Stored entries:
++++++++
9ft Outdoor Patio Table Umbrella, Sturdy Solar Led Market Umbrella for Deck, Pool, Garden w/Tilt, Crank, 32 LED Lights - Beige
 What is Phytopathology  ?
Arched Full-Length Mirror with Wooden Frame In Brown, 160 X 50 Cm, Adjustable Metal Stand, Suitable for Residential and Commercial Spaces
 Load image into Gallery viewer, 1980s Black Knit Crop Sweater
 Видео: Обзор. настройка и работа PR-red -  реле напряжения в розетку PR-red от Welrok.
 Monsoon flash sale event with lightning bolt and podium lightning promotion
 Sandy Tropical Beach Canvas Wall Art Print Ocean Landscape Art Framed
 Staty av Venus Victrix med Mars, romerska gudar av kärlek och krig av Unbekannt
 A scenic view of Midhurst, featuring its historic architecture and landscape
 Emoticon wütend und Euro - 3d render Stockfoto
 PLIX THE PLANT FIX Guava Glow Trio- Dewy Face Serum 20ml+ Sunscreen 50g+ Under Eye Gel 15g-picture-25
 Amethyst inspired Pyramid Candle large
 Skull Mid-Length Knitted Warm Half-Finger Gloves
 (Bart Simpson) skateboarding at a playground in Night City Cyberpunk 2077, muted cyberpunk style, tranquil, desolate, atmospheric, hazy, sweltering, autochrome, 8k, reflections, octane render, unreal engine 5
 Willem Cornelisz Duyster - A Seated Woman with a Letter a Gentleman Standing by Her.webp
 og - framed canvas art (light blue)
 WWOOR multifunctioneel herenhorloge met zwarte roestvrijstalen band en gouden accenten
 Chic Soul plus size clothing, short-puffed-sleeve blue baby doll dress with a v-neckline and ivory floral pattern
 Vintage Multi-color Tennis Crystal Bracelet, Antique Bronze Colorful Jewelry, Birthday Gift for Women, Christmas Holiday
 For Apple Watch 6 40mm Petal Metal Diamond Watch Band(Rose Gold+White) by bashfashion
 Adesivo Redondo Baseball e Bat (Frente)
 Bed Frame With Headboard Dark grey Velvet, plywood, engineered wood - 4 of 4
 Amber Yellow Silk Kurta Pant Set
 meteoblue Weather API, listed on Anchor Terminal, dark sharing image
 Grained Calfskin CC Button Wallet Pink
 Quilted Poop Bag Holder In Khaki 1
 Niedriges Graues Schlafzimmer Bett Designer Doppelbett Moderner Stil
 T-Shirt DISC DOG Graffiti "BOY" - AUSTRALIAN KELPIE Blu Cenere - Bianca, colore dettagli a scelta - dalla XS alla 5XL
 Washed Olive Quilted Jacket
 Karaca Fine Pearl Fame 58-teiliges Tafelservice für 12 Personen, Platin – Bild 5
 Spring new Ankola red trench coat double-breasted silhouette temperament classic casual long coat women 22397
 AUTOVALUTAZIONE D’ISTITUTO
++++++++
Work task:
Please give the number of lines with "image" in the entries above, and write no other text.

Worked solution:
2